I would like to pull 30K rows at random from our data store to create one data set, then 30K more rows for a second data set that doesn't overlap any ids with the first.
My idea for how to make it would would be to somehow reference the id columns pulled in the first subquery when drawing a second subquery, then return their union:
SELECT * FROM (
SELECT id_col, A, B, C, 'group1' as label
FROM my_db
LIMIT 30000
) as t1
UNION ALL
(
SELECT id_col, A, B, C, 'group2' as label
FROM my_db
WHERE id_col NOT IN t1.id_col
LIMIT 30000
) as t2
But this does not work as I get "syntax error at or near t1" .
Updated: add label to column to show how a union would have created a tall format for the two groups.

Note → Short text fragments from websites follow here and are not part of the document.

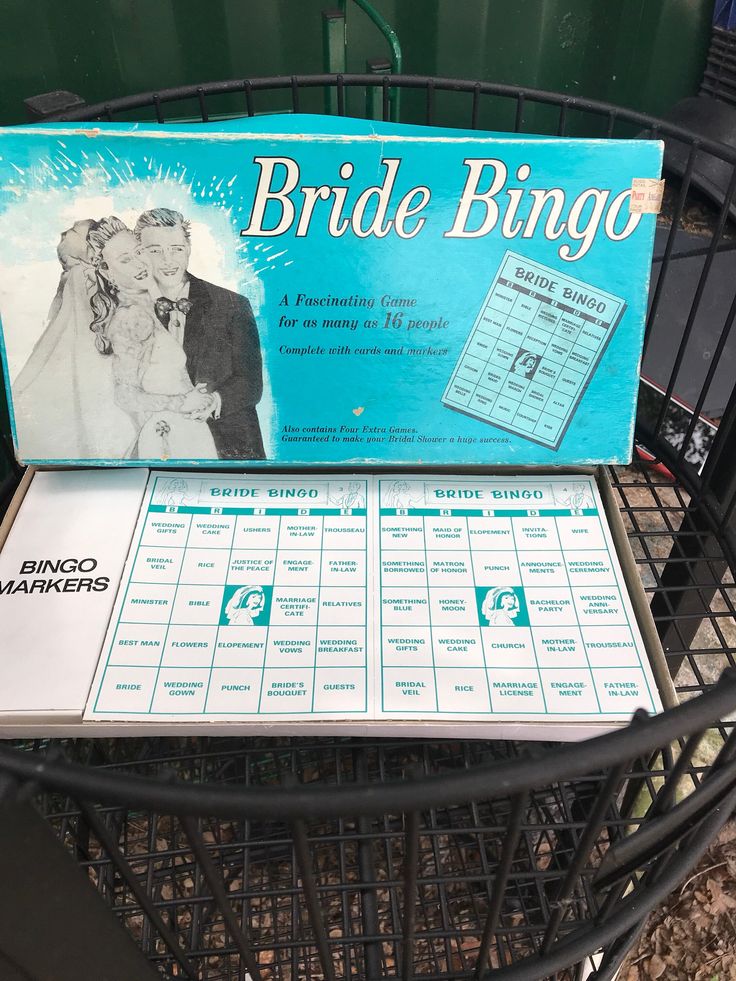 a bride and groom game sitting on top of a shopping cart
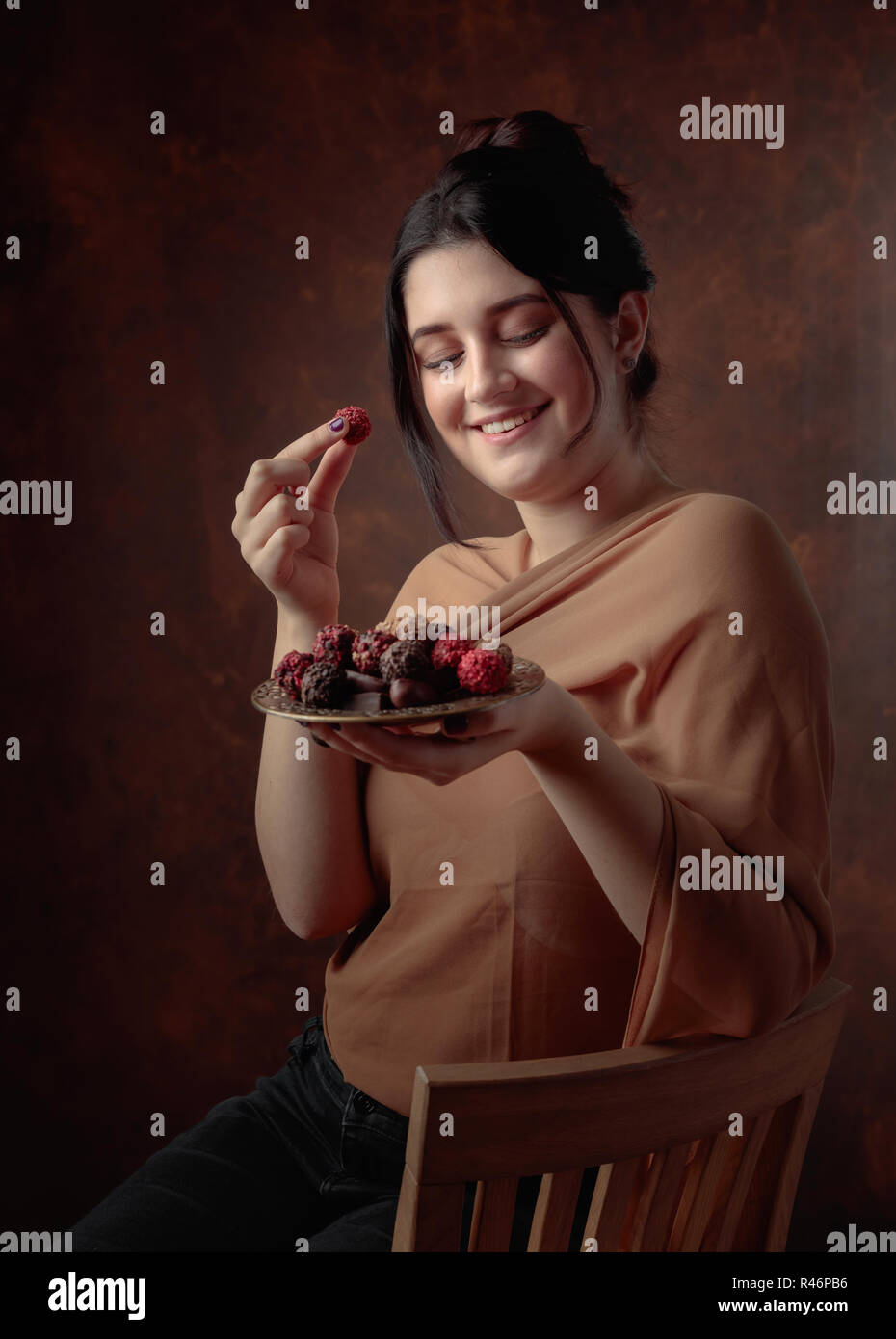 Portrait of a young beautiful girl with chocolate and candy. Stock Photo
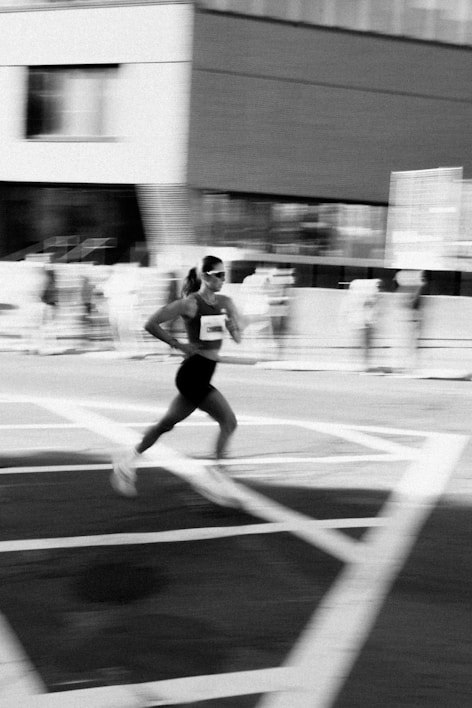 A woman running a race with blurred background.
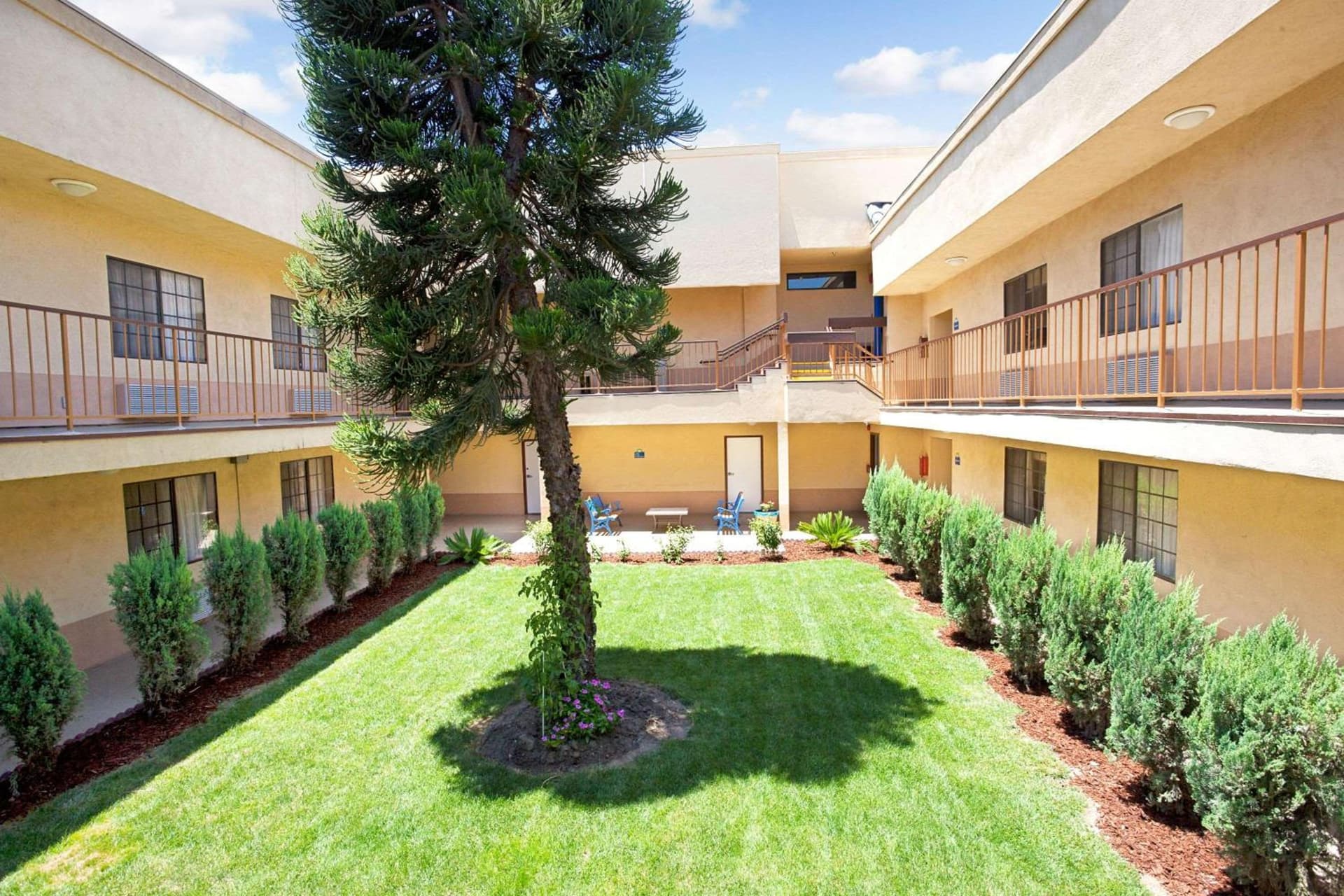Days Inn & Suites by Wyndham Artesia featured exterior or lobby in Artesia, CA — similar hotel
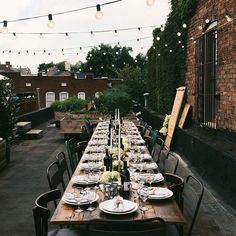 an outdoor dining table set up with place settings and lights strung from the ceiling above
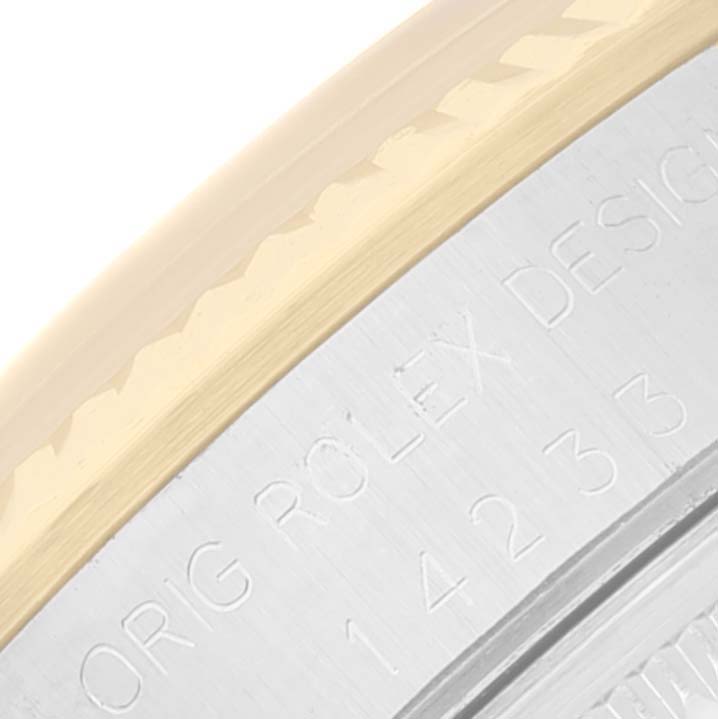 This image shows a close-up of the side engraving and bezel of a Rolex Oyster Perpetual 14233 Men's Steel and Gold (two tone) Champagne Dial 14233 Men's Steel and Gold (two tone) Champagne Dial watch.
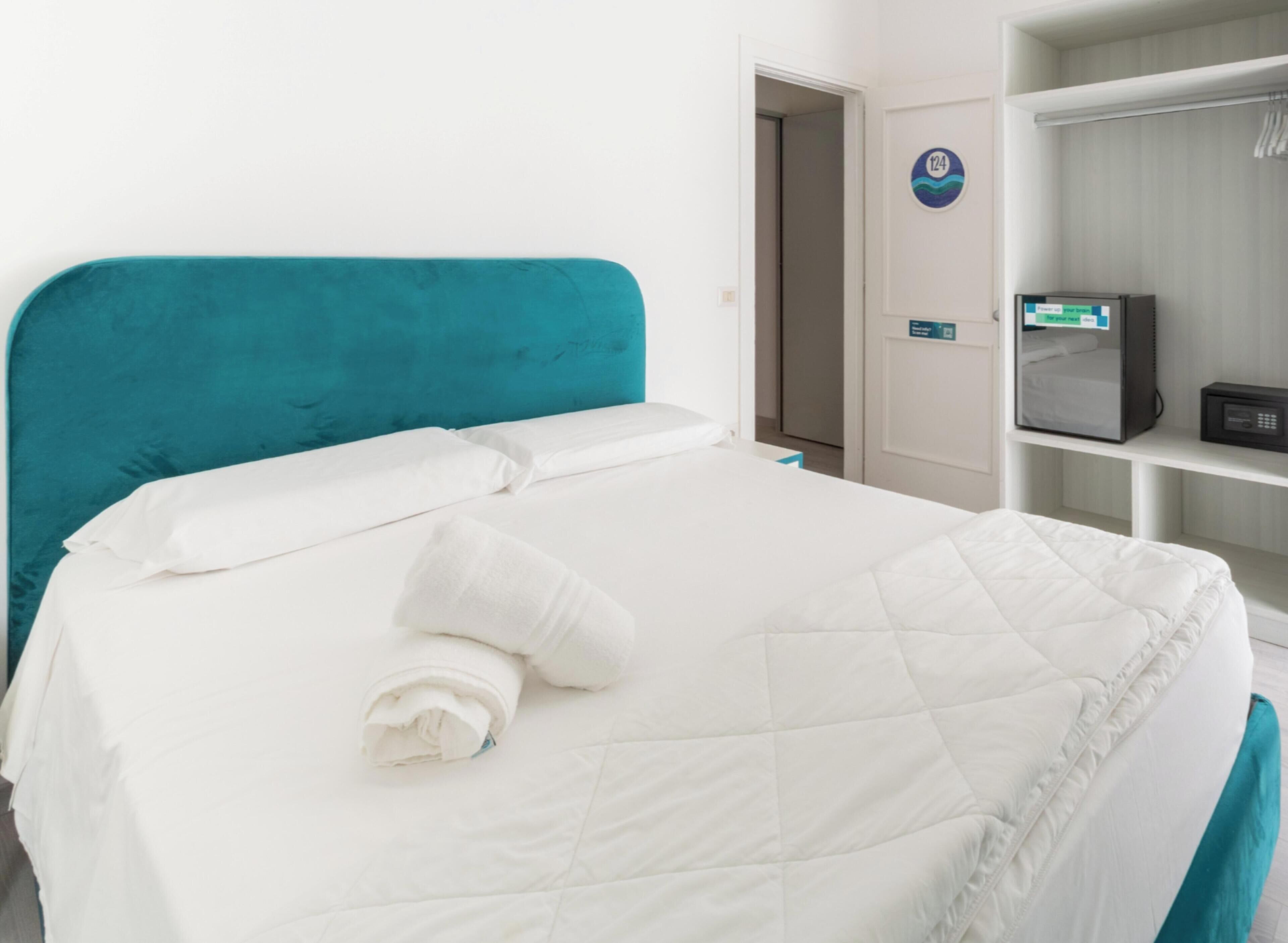 A neatly made bed with white bedding and a teal headboard, a small bedside table with a remote control, and a door with a sign indicating room number 124.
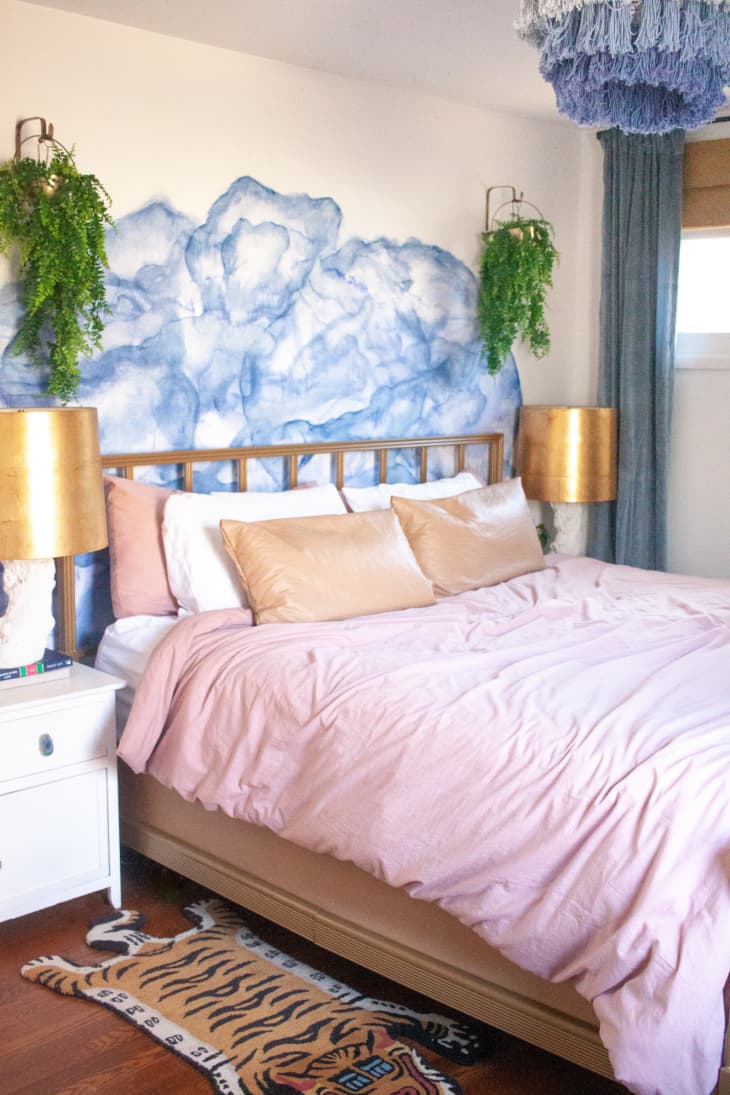 Bedroom with soft pink bedding and blue agate wall art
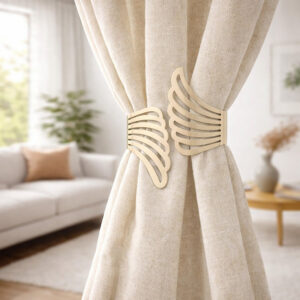 "Gold metal wings tieback holding cream curtains in a modern living room"
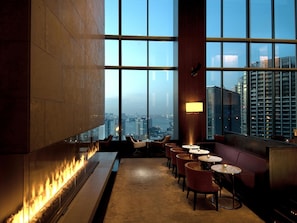 A modern interior with a fireplace, seating area, and large windows offering a city view.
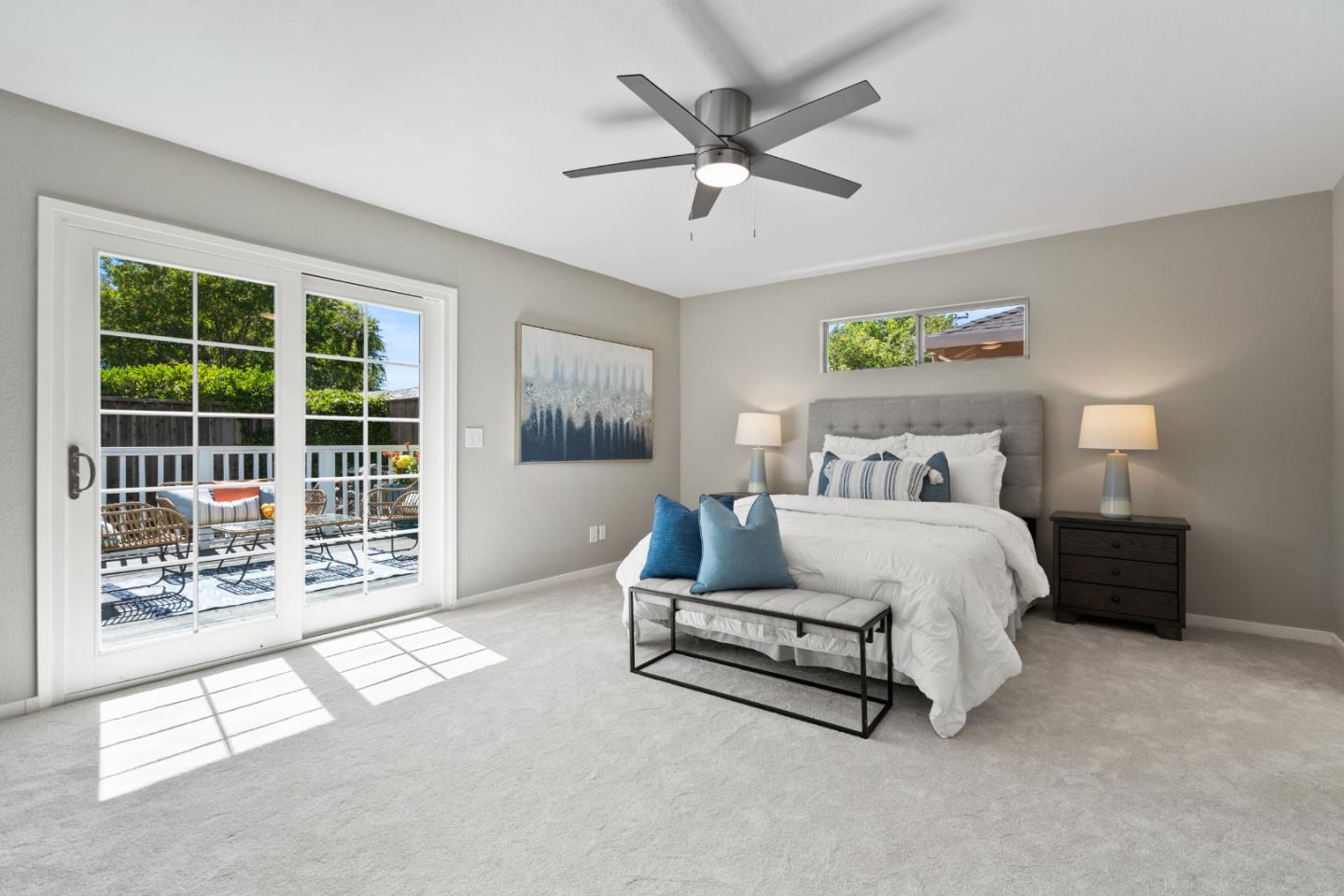 762 Armanini Avenue Santa Clara, CA 95050 - Photo 22 of 43 a spacious bedroom with a bed a couch and a large window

CodePudding user response:
As klin pointed out in the comments, you would need to use a Common Table Expression (CTE) in order to achieve your desired result:
WITH t1 AS (
SELECT id_col, A, B, C, 'group1' AS label
FROM my_db
LIMIT 30000
), t2 AS (
SELECT id_col, A, B, C, 'group2' AS label
FROM my_db
WHERE id_col NOT IN (SELECT id_col FROM t1)
LIMIT 30000
)
SELECT id_col, A, B, C, label
FROM t1
UNION
SELECT id_col, A, B, C, label
FROM t2
You also would not need to do a UNION ALL, a UNION should suffice.